California asks US to end plan to drop rat poison on islands

FILE - In this July 8, 2006, file photo, gulls nest near the North Landing area of the Farallon Islands National Refuge, Calif. The California Coastal Commission on Wednesday, July 10, 2019, will hear public comment on a federal plan to drop 1.5 tons of rat poison on the Farallon Islands in an effort to eradicate a mice infestation, a proposal that is drawing criticism. (AP Photo/Ben Margot, File)

Federal wildlife officials were urged Wednesday to withdraw a proposal to drop 1.5 tons of rat poison on remote islands off the coast of California to kill a mice infestation until it addresses questions on the impact to wildlife

SAN FRANCISCO — Federal wildlife officials were urged Wednesday to withdraw a proposal to drop 1.5 tons of rat poison on remote islands off the coast of California to kill a mice infestation until it addresses questions on the impact to wildlife.

The California Coastal Commission heard public comment on the U.S. Fish and Wildlife Service plan, which has drawn criticism from local conservation groups.
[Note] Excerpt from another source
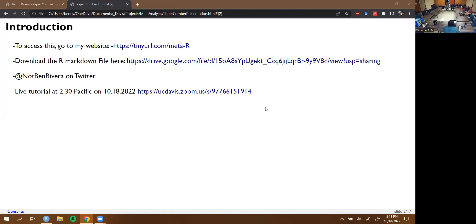Hello! We're in person with a lot of people I know, and on Zoom with people I don't know at all, which is pretty exciting. My name is Ben Rivera, I study coastal dune plants, and I'm a PhD student here at UC Davis. This is the UC Davis Stats Support Group — a group of graduate students in ecology that get together and share resources and try to get better at statistics together, pretty informally.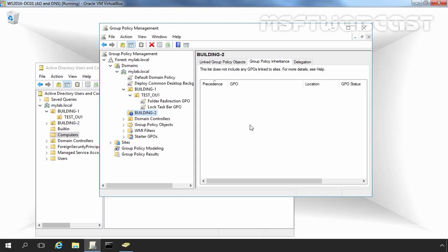Now let's understand how GPO enforcement works. Simply put, enforcing a GPO means that the settings in the enforced GPO will take precedence over settings in a child object.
The commission is seeking to determine whether the plan complies with state coastal management rules.

The U.S. Fish and Wildlife Service said in a report presented to the commission in March that a massive house mice population is threatening the whole ecosystem on the rugged Farallon Islands, 27 miles (44 kilometers) off the coast of San Francisco.

The archipelago is home to the largest seabird breeding colony in the contiguous United States, with approximately 300,000 to 350,000 birds of 13 species, including the rare ashy storm petrels. The islands are also used by marine mammal species for resting and breeding and by migratory birds.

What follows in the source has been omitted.